Filosofia da Linguagem
A retórica defendida por este
pensador trabalhava a ideia de improvisação da fala no lugar da escrita. Para
ele, a escrita estaria em um estágio inferior ao da fala, por isso, os bons
oradores deveriam se destacar na arte da fala improvisada. Ele explicava, de forma
figurada, que aquele que conseguia transportar uma carga pesada, certamente
conduziria uma carga maneira, mas aquele que só movimentasse cargas leves,
dificilmente conduziria uma carga pesada. Essa citação tinha como objetivo
argumentar que, aqueles que apenas treinam os discursos de maneira escrita não
seriam capazes de manter o mesmo ritmo, em discursos improvisados. Enquanto
aqueles que, treinam a arte do improviso na fala, seguramente saberiam também,
escrever belos discursos, pois esses últimos, teriam tempo e recursos
suficientes, para fazer o que já sabem. Nesse ínterim, os indivíduos
acostumados com o fardo leve do tempo e com os macetes das técnicas escritas,
não saberiam como improvisar em ocasiões de debates. Alcídamas não
desqualificava os sofistas que faziam discursos escritos, mas apenas
considerava que, quem dominava a arte do improviso, em relação à fala, estaria
em um nível de superioridade em relação, aos que faziam uso apenas do recurso
da escrita.
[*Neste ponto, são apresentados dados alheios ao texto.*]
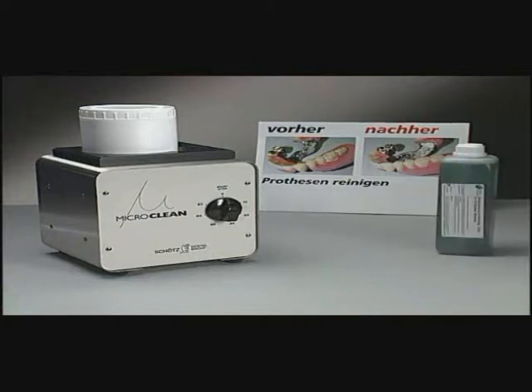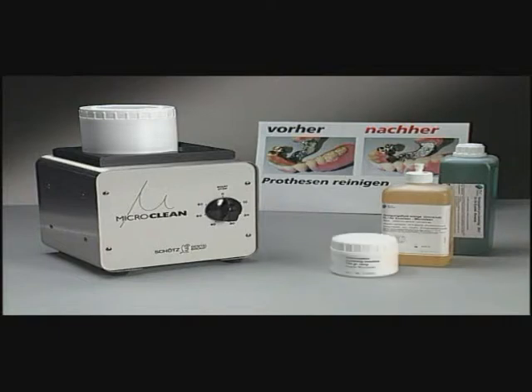Weill Dental, a subsidiary of Schutz Dental, is located near Oberurzel, Germany, where this magazine is compiled. Their chief technician presents MicroClean, a cleaning unit for dentures.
Outro exemplo que ele usava para explicar essa teoria, era a
seguinte: “um corredor rápido poderia facilmente seguir os mais lentos,
enquanto o lento não seria capaz de acompanhar os mais rápidos”.
Instruía que haveria três
gêneros de discurso em que se formaria a arte do convencimento, através das
palavras. Esses gêneros seriam: o forense, o público e o privado. Em relação ao
espírito de competição que predominava entre os gregos, Alcídamas sugeria que
fosse dado o nome de "violência" para a luta corpo a corpo, e o nome
de "contestação" para o combate de palavras. Nesse sentido, os
discursos longos que enfrentariam um embate com outros discursos longos,
levaria o nome de contestações forenses. E os debates que ficassem divididos
entre perguntas e respostas, deveriam ser chamados de controvérsias. Em relação
à retórica, aconselhava o orador a possuir um claro arranjo mental de seu
discurso, pois ele deveria preparar a estrutura principal, incluindo os
pensamentos e os argumentos mais importantes, porém precisaria se adaptar às
preocupações e as ideias da plateia ao falar.
Filosofia Pragmática
Para ele, a comunicação da
fala na vida pública teria mais utilidade no dia a dia, do que a comunicação
escrita. Por isso, a arte de improvisar na fala seria uma necessidade, enquanto
que a escrita teria menos aplicabilidade e prestabilidade na vida social. Seu
pensamento sobre a ideia de uma oratória prática se opunha à de Isócrates que
defendia a retórica literária. Ao passo que Alcídamas defendia o discurso oral,
Isócrates fazia apologia ao uso da escrita. Esse embate ficou conhecido como
discurso prático versus o discurso teórico. Ainda, segundo Alcídamas, aqueles
que se ocupam mais do discurso escrito poderiam ser comparados mais com
artesãos, do que com exímios oradores. Esclarecia que as pessoas com baixa
instrução poderiam se apropriar de alguns discursos escritos e fazerem algumas
modificações, imitando ou plagiando algum eminente escritor. Por isso, esses
discursos escritos, não seriam tão confiáveis quanto um falado. Já em relação à
oratória, ele justificava que quem dominasse essa arte, teria mais facilidade
de produzir um discurso escrito e também mais autêntico. Assim sendo, em
relação aos discursos ele argumentava:
Não é
desconhecido que aquele que fala belamente aos outros de improviso, entre o
tempo e o ócio, ao escrever diferentemente, será compositor de discursos.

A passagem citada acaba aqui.